When the Resin server starts, it will start the rmi registry on port 1099 and register the `HelloWorld' service with it.

A Registry on a different server

In this scenario, the rmi registry is located on the machine services.hogwarts.com. The registry is started with a custom (not Resin) server implemented by Hogwarts.

The requirement is for the HelloWorld service, implemented within a Resin server, to be registered with the remote Registry.

In this scenario, the Resin resource RmiRegistry is used to attach to the existing RMI registry running on services.hogwarts.com.

A Registry on a different server

<web-app>
  <resource type="com.caucho.resources.rmi.RmiRegistry">
    <init>
      <server>services.hogwarts.com</server>
      <port>1099</port>

      <rmi-service service-name="HelloWorld" service-class="example.HelloWorldImpl"/>
      <rmi-service .... >
    </init>
  </resource>
</web-app>

When the Resin server starts, it will register the `HelloWorld' service with the RMI Registry on services.hogwarts.com. Since the server is on a remote machine, Resin will not create a registry on the local machine. When the REsin server shuts down, or is restarted, the `HelloWorld' service will be removed from the remote registry.

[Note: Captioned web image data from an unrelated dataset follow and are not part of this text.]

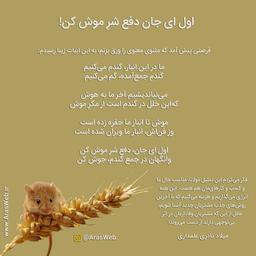 اول ای جان دفع شرِ موش کن!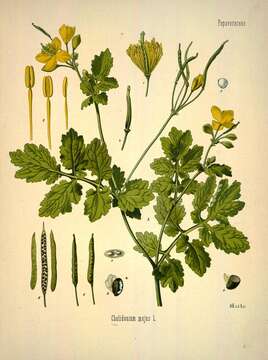 Image of celandine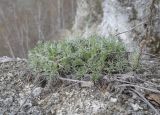 Artemisia campestris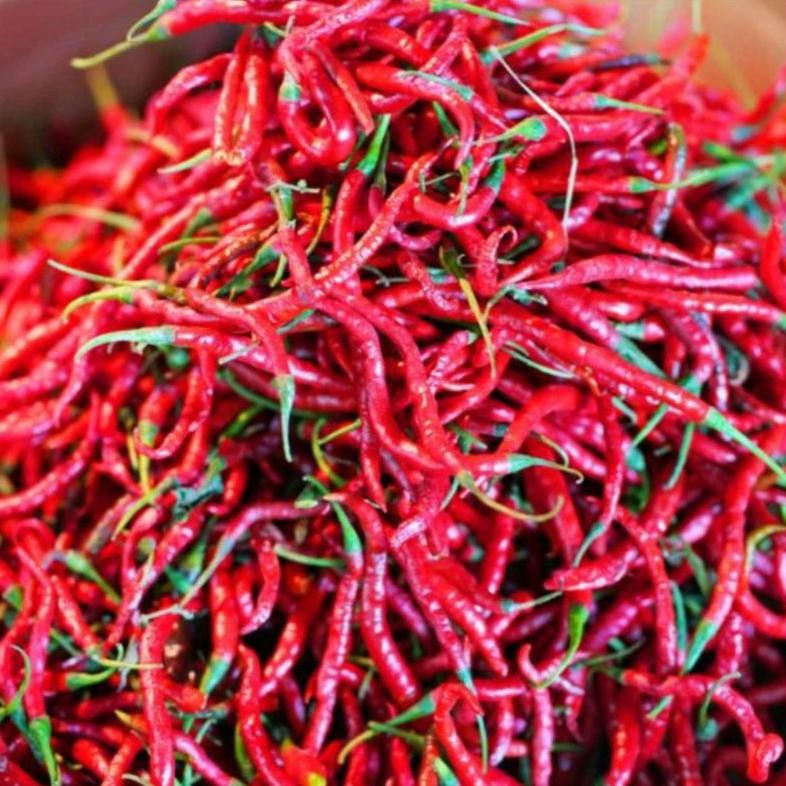 

Cabai Merah Kriting / Cabe Merah Keriting Segar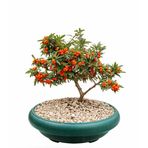 BONSAİ PYRACANTHA COCCİNEA / ATEŞ DİKENİ 5-6 YAŞINDA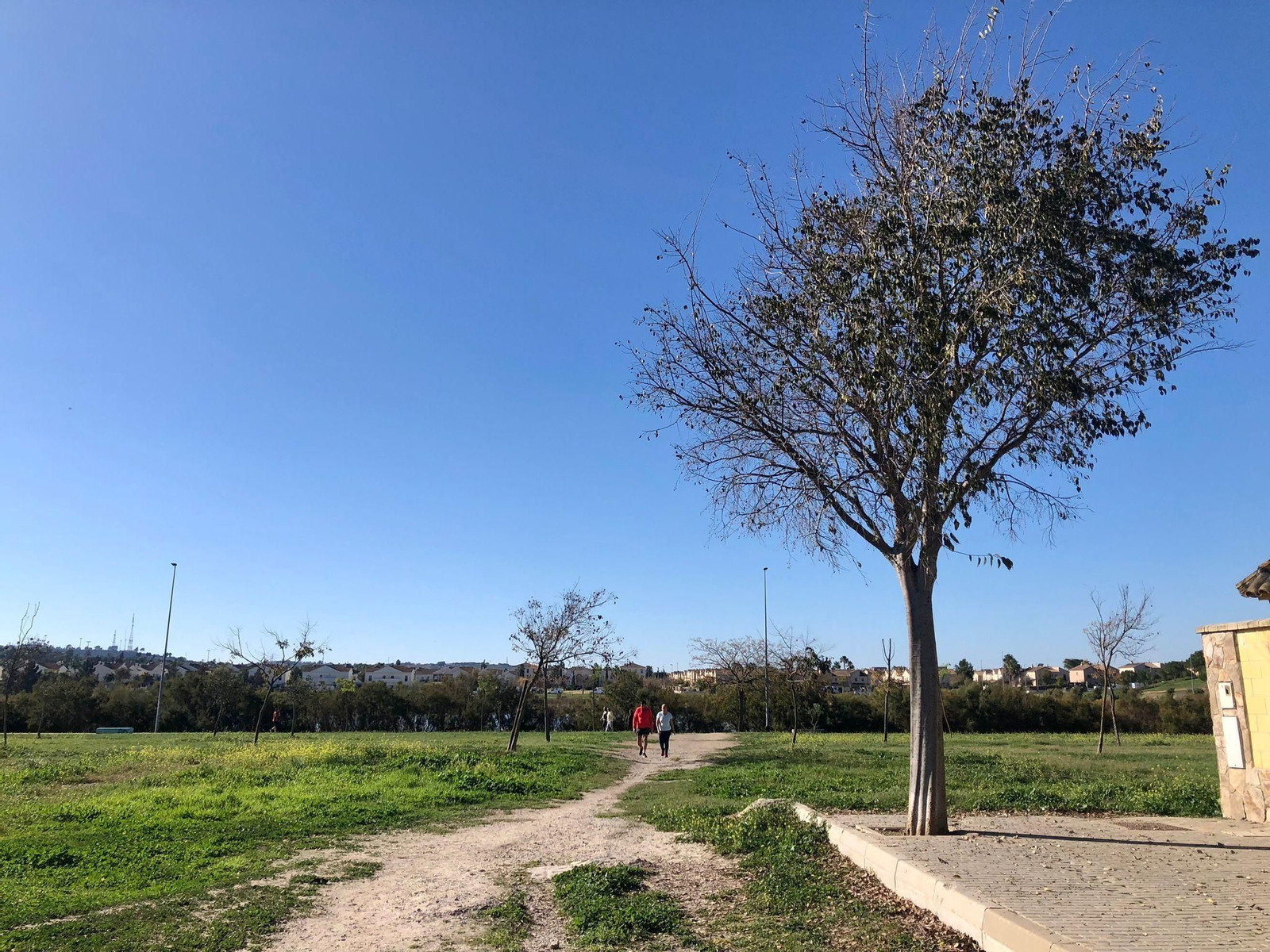 La Laguna de Torrox de Jerez: un paseo ideal para los amantes del aire libre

A Registry in a different JVM

In this scenario, the rmi registry is located on the same machine as the Resin server, but is started with a custom (not Resin) server implemented by Hogwarts.

This is essentially the same scenario as having a Registry on a different szerver. The server name cannot be provided as `localhost', however, because Resin will try to create the RMI registry.

The solution is to use an IP address of `127.0.0.1' as the address of the server. Because the server name is not `localhost', the RMI registry will not be created.

A Registry in a different JVM

<web-app>
  <resource type="com.caucho.resources.rmi.RmiRegistry">
    <init>
      <server>127.0.0.1</server>
      <port>1099</port>

      <rmi-service service-name="HelloWorld" service-class="example.HelloWorldImpl"/>
      <rmi-service .... >
    </init>
  </resource>
</web-app>

When the Resin server starts, it will register the `HelloWorld' service with the RMI Registry on the local machine. Since the server is not `localhost', Resin will not create a registry on the local machine. When the Resin server shuts down, or is restarted, the `HelloWorld' service will be removed from the remote registry.